ECHR Ruling on the “Right to Life”
Earlier this month, the European Court of Human Rights ruled that Finnish authorities violated the European Convention on Human Rights by failing to take sufficient steps to prevent a school shooting. (h/t Larry Helfer) From the Registrar of Court’s summary of the facts:
The perpetrator had been given a gun licence by the local police station a few months before the attack. Further to certain Internet postings, including a comment about a film on the Columbine High School massacre “being the best entertainment ever”, he was interviewed the day before the attack by the Detective Chief Inspector of the police station to determine whether he posed a danger to society. The inspector decided that was not the case and there was no need to take his weapon.
The next day, the young man appeared at his school and opened fire, killing nine students and a teacher before killing himself.
Article 2 of the Convention protects “the right to life,” and was the basis of the claim, which was filed by relatives of the shooting victims. It would be an understatement to say that I am no expert in Convention jurisprudence, but it appears that the Court rejected the claim that Finnish authorities failed in their “duty to protect life,” but agreed (6-1) that they failed in their “duty of diligence in the protection of public safety, taking into account the context of the case, that is, the use of firearms and the inherent high level of risk to life.”

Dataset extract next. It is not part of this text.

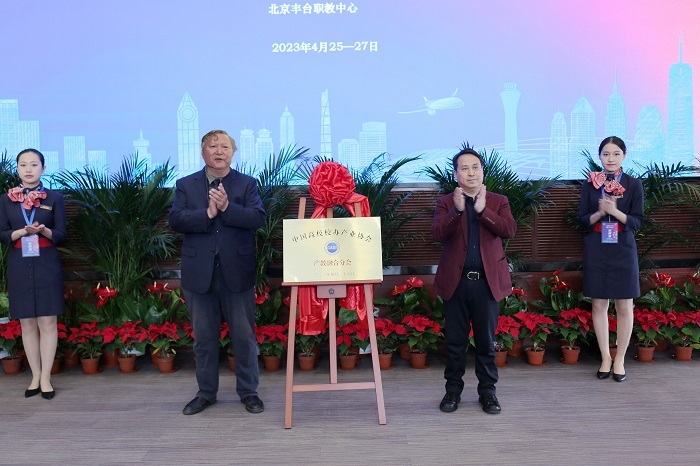 1682680893338018.jpg b4d2ddd4081d286c328a97643b9ac3b.jpg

Further from the Registrar’s summary:
The crucial question was whether there were measures which the domestic authorities might reasonably have been expected to take to avoid the risk to life from the potential danger the perpetrator’s actions had given an indication of.
The precautionary measure of seizing the gun had been available to the police. It would not have caused any significant interference with any competing rights under the Convention and would not have involved any particularly difficult or delicate balancing exercise. Indeed, the Court of Appeal had said that the gun could have been seized according to domestic law as a low threshold precautionary measure.

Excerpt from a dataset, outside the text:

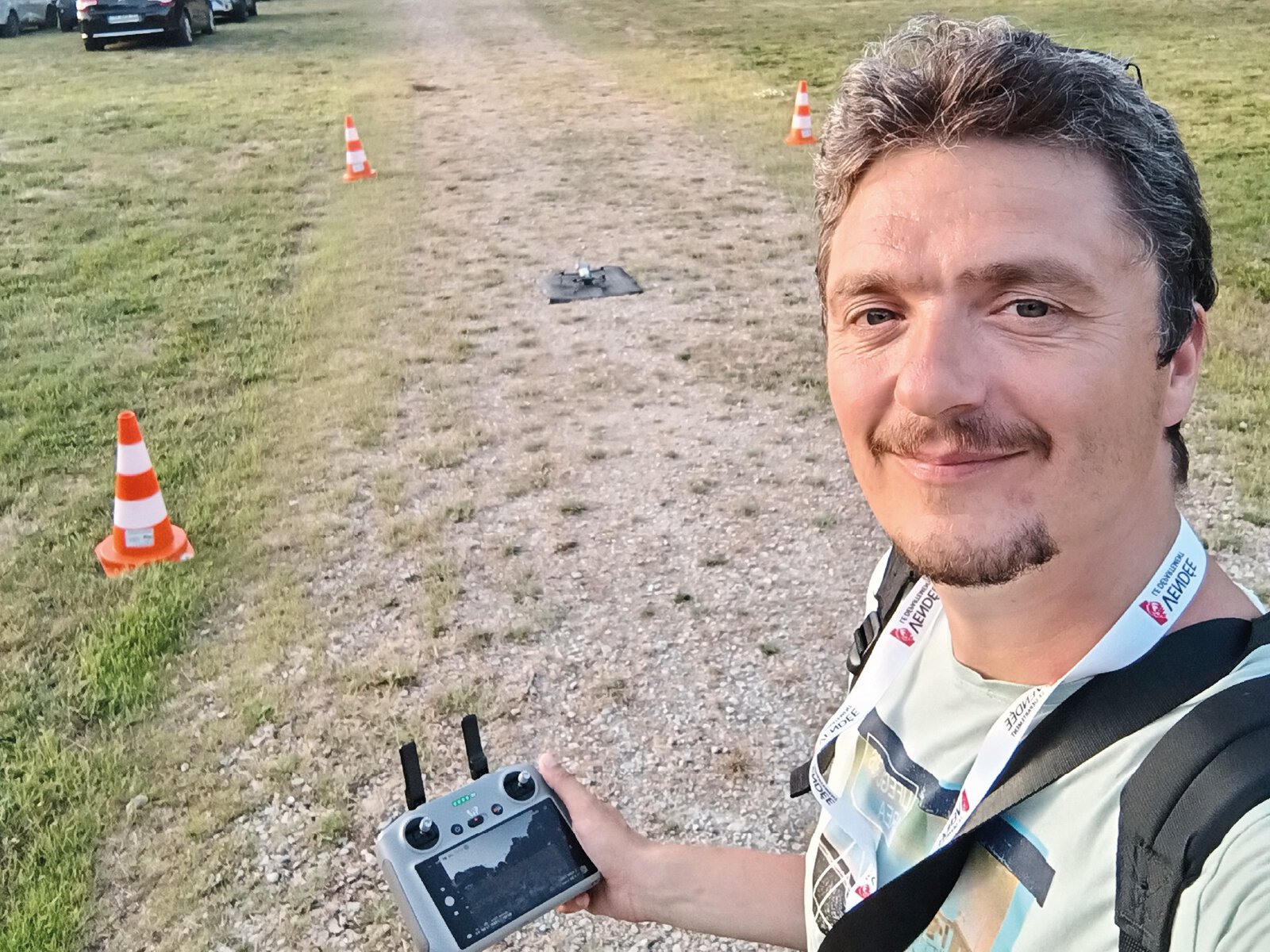 Matthieu de DronEsprit sur zone d'exclusion des tiers pour faire décoller le drone.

The Court thus found that seizing the weapon was a reasonable measure of precaution given the doubts about the perpetrator’s fitness to possess a dangerous firearm. The authorities had thus not observed the special duty of diligence incumbent on them owing to the particularly high level of risk to life inherent in any misconduct involving firearms.

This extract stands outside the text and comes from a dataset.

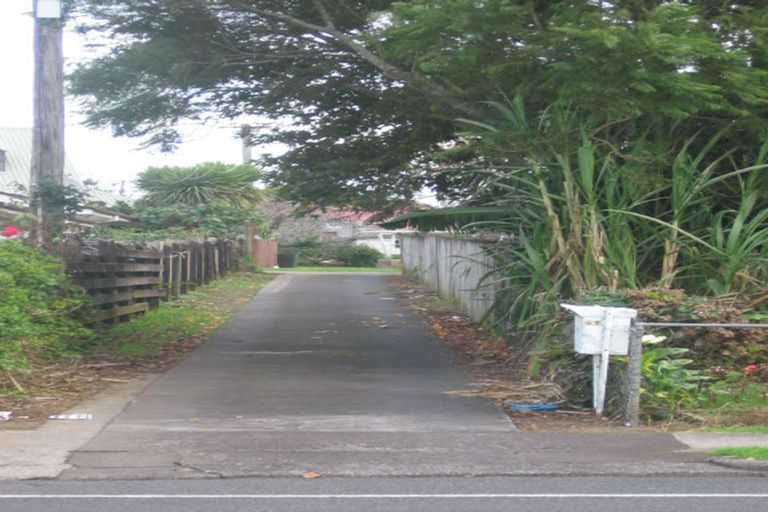Photo of property in 2/41 Kimpton Road, Papatoetoe, Auckland, 2025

It should go without saying that such reasoning does not translate directly to the United States, given that the Second Amendment (and potentially also the First) does enumerate “competing rights” that could be implicated by an effort to confiscate the guns of someone who had made threats online. Nor does the US Constitution clearly create a governmental duty to protect the “right to life” against threats from other private citizens—hence Justice Blackman’s impassioned dissent in DeShaney.
But there are counter-currents as well. Scholars like Leila Nadya Sadat and Madaline M. George have recently written about U.S. obligations under international law (not the Convention itself) to engage in due diligence in protecting citizens from gun violence. And within the framework of domestic law and politics, scholars and advocates are increasingly emphasizing the constitutional interests (not “just” policy interests) in favor of gun regulation—whether through the “constitutional case for gun control,” or the right not to be shot, or briefs emphasizing the human toll of gun violence.
The ECHR ruling, in short, interestingly demonstrates—though of course does not resolve—debates that are percolating in the US gun debate.